Gene Transcript reference Sequencing analysis Deletion/Duplication analysis
APC* NM_000038.5
BLM NM_000057.3
CDKN1C NM_000076.2
CDKN2A* NM_000077.4; NM_058195.3
DICER1 NM_177438.2
EPCAM* NM_002354.2
EXT1 NM_000127.2
EXT2 NM_207122.1
FH NM_000143.3
GATA1 NM_002049.3
HRAS NM_005343.2
KIT NM_000222.2
MLH1* NM_000249.3
MSH2* NM_000251.2
MSH6 NM_000179.2
NBN NM_002485.4
NF1 NM_000267.3
PDGFRA NM_006206.4
PMS2 NM_000535.5
POT1 NM_015450.2
PRKAR1A NM_002734.4
PTCH1 NM_000264.3
PTCH2 NM_003738.4
RB1 NM_000321.2
RECQL4 NM_004260.3
RPL11 NM_000975.3
RPL15 NM_002948.3
RPL19 NM_000981.3
RPL26 NM_000987.3
RPL35A NM_000996.2
RPL5 NM_000969.3
RPS10 NM_001014.4
RPS19 NM_001022.3
RPS24 NM_033022.3
RPS26 NM_001029.3
RPS29 NM_001032.4
RPS7 NM_001011.3
SDHA* NM_004168.3
SDHB NM_003000.2
SDHC NM_003001.3
SDHD NM_003002.3
SUFU NM_016169.3
TP53* NM_000546.5
TSC1 NM_000368.4
TSC2 NM_000548.3
WRN* NM_000553.4

APC: The 1B promoter region is covered by both sequencing and deletion/duplication analysis. The 1A promoter region is covered by deletion/duplication analysis.
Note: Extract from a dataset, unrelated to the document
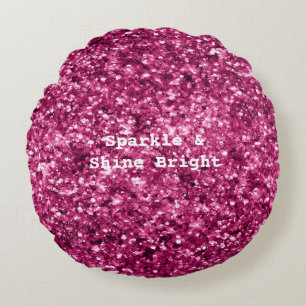 Almofada Redonda Brilho Rosa Glitter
CDKN2A: Analysis supports interpretation of the p14 and p16 proteins.
EPCAM: Analysis is limited to deletion/duplication analysis.
MLH1: Deletion/duplication analysis covers the promoter region.
MSH2: Analysis includes the exon 1-7 inversion (Boland mutation).
SDHA: Analysis is limited to sequencing analysis. No clinically-relevant del/dups have been reported.
TP53: Deletion/duplication analysis covers the promoter region.
WRN: Deletion/duplication analysis is not offered for exons 10 or 11.